The economic reforms of 1991 did not benefit the agricultural sector significantly. The following are the reasons that explain the adverse effects of the economic reforms on India's agriculture sector:
1. Reduction of Public Investment: There has been an acute cutback from the Indian government to provide sufficient irrigation facilities, electricity, information system, market linkages and roads. Moreover, investment in agricultural research and development was not as extensive as it was during green revolution phase.
2. Removal of Subsidies: Removal of subsidies on fertilizers pushed up the cost of production of agriculture. This made farming more expensive, thereby, adversely affecting the poor and marginal farmers.
3. Liberalization and Reduction in Import Duties on Agricultural Products: Due to adherence to the WTO commitments, Indian government reduced import duties on agricultural products that forced the poor and marginal farmers to compete with their foreign counterparts in the international markets. Stiff competition in the international market along with traditional techniques of farming badly affected the poor farmers.
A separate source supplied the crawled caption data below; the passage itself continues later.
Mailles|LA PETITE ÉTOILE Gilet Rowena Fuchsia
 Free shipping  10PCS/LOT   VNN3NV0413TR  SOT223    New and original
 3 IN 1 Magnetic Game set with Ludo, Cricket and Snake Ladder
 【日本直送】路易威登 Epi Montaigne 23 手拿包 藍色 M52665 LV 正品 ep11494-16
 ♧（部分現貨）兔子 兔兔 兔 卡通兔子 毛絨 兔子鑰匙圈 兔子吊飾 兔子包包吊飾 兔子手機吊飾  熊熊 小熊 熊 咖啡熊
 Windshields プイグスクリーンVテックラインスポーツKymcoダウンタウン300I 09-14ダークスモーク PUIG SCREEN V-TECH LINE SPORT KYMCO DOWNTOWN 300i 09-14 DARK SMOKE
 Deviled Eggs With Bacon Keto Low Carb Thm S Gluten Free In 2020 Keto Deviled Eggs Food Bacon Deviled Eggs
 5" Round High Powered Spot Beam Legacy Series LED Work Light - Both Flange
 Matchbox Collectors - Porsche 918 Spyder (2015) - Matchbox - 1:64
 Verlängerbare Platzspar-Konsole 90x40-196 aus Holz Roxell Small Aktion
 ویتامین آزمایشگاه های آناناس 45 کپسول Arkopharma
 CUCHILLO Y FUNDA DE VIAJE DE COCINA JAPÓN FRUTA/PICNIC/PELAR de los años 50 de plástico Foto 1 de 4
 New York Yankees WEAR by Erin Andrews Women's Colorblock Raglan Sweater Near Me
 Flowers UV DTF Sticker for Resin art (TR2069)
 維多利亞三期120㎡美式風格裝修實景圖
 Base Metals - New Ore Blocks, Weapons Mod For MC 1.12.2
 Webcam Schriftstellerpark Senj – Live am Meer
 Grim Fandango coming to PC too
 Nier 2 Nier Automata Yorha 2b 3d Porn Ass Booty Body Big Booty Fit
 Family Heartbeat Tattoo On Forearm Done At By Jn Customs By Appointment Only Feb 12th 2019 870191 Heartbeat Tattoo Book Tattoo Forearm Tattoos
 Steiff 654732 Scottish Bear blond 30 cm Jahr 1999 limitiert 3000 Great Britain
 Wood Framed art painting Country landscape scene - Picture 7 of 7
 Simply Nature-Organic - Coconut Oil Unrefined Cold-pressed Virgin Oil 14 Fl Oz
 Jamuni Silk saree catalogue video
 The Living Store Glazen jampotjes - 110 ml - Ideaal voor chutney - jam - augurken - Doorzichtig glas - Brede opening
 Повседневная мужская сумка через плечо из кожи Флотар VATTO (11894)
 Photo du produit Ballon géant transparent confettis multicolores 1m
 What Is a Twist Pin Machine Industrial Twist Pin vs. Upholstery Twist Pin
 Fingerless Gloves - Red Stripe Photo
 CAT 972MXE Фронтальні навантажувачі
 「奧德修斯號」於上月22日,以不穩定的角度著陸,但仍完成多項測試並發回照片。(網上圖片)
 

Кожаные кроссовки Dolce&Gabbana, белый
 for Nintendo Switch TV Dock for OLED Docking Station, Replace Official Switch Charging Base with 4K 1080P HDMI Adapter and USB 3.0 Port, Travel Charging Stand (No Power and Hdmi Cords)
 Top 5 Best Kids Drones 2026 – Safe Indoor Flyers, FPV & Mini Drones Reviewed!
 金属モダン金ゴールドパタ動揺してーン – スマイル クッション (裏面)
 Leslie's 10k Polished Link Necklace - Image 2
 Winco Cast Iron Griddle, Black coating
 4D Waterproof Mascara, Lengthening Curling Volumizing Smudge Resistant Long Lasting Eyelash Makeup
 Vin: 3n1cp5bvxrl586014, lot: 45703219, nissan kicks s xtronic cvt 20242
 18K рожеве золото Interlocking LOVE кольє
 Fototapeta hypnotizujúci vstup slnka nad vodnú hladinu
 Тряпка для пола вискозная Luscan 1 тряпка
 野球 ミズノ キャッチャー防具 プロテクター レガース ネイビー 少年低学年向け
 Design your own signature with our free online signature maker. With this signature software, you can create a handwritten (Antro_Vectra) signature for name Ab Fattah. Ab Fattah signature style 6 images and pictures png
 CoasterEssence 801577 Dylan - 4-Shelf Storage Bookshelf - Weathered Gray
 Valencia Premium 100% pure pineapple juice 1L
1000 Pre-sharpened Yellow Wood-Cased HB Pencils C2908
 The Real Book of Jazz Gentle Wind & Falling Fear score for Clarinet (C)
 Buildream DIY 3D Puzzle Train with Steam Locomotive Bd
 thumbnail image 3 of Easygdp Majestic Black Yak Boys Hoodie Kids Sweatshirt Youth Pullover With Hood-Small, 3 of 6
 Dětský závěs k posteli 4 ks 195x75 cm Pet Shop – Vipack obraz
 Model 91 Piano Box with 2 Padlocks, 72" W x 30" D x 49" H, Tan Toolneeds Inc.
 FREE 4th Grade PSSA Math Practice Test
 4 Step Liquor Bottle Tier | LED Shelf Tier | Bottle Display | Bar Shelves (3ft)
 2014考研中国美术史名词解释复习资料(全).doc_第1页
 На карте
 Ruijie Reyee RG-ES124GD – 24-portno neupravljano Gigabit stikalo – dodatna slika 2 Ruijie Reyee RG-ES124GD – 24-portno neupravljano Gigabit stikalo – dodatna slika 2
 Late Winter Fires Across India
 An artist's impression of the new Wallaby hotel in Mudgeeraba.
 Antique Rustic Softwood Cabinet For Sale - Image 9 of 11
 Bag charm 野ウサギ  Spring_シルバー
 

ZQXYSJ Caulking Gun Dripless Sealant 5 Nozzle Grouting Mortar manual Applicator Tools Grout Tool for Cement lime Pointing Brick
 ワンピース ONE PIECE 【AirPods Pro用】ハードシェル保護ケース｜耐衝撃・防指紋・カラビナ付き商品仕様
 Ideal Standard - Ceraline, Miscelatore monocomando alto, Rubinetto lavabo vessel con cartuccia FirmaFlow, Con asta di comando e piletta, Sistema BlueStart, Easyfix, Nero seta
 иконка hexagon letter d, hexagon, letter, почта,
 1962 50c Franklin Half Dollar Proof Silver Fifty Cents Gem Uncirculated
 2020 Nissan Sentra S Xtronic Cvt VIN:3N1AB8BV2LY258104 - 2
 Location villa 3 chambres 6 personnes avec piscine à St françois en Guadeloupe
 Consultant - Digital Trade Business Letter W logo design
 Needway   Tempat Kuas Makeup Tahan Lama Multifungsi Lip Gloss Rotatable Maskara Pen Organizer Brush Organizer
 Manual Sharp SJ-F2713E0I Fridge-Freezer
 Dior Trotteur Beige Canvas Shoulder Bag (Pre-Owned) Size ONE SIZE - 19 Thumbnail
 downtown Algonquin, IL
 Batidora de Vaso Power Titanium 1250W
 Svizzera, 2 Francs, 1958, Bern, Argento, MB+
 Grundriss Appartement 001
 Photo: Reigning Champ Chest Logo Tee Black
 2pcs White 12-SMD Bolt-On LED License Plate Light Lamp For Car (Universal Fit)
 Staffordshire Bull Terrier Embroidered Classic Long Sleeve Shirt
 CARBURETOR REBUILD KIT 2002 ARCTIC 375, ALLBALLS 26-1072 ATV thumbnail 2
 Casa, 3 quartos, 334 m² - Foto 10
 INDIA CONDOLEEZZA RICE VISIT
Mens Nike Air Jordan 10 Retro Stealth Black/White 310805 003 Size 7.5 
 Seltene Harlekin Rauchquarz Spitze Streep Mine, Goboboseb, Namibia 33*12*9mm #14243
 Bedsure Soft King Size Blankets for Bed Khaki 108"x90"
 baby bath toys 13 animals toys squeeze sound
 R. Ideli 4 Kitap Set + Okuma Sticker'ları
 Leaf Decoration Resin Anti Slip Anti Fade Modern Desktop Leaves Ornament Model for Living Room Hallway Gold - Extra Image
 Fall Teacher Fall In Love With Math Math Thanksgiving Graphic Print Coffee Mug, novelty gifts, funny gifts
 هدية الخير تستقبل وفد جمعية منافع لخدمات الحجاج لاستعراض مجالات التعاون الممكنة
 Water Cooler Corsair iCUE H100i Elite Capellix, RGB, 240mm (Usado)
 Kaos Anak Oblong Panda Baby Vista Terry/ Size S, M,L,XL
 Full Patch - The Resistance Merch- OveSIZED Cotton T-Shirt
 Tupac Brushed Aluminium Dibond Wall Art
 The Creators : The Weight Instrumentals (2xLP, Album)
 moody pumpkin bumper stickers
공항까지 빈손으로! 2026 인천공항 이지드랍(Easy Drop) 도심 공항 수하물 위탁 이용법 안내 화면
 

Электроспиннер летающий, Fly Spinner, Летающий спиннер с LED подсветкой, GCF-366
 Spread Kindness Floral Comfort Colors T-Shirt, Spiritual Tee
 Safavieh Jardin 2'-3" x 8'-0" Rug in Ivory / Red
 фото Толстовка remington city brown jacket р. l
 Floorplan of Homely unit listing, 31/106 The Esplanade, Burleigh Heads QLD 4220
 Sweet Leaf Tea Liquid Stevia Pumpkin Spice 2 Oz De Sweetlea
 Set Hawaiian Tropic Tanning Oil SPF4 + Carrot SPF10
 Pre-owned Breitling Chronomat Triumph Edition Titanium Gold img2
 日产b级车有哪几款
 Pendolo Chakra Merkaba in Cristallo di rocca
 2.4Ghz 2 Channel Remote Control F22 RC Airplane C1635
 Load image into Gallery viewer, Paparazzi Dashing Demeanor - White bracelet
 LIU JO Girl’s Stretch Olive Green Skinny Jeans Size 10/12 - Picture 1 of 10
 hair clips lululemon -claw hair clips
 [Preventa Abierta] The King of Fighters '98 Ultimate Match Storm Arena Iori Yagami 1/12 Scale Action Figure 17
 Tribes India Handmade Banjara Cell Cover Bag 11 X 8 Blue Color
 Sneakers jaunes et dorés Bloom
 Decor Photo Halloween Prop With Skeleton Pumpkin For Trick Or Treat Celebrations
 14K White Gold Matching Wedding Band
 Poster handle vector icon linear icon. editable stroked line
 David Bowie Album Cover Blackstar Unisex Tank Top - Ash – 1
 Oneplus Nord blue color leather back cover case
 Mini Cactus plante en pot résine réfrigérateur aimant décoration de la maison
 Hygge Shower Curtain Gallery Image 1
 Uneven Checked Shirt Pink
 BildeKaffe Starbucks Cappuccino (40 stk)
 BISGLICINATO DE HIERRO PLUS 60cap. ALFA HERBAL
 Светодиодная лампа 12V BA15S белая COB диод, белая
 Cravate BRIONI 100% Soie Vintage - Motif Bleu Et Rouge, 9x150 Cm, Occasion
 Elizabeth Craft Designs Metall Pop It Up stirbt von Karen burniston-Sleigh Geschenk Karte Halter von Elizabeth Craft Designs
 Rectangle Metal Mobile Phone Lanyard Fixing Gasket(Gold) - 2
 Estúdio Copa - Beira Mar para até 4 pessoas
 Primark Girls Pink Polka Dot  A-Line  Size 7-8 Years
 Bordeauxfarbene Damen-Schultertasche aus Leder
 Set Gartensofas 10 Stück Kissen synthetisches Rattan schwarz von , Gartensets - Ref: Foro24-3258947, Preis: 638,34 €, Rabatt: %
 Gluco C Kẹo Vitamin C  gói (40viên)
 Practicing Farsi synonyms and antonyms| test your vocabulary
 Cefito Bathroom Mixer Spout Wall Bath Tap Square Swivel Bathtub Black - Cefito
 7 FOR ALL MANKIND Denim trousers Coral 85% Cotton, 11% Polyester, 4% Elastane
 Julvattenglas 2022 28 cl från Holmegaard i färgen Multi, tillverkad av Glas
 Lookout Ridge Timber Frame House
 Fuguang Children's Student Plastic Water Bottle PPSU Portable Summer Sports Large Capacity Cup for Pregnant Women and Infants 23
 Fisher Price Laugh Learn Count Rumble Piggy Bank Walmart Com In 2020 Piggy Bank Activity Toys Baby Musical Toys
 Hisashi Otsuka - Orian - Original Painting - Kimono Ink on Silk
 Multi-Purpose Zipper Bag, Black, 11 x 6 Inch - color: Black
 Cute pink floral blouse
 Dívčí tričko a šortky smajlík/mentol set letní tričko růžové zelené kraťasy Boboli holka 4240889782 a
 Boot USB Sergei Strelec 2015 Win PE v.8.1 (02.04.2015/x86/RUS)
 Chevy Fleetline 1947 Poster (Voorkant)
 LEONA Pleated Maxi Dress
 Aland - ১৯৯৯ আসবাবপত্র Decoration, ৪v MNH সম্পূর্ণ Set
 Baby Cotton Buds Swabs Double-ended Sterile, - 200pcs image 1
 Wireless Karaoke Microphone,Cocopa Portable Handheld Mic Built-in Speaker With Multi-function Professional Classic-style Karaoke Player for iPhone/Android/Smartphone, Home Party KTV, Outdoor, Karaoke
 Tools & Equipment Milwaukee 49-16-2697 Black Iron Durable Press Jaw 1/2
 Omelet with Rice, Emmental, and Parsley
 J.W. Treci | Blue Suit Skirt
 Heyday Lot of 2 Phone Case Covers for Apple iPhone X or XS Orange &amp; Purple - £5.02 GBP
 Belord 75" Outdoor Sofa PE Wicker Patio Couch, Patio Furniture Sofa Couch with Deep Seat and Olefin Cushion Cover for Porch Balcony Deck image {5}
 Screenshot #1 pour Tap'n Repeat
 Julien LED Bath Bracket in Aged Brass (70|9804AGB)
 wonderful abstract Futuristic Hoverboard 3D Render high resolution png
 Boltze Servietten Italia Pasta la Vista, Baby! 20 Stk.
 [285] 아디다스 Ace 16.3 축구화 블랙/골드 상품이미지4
4. Shift towards Cash Crops and Lack of Food Grains: The export oriented production strategies led to the shift of agricultural production from food grains to the production of cash crops like cotton, jute, etc. This led to reduced availability of food grains and, consequently, t lower nutritional values that further reduced their productivity.
5. Inflationary Pressures on Food Grains: The shift towards cash crops production along with the removal of subsidies exerted inflationary pressures on the prices of food grains. This in turn adversely affected the agricultural sector's performance by making the cost of producing food grains more expensive.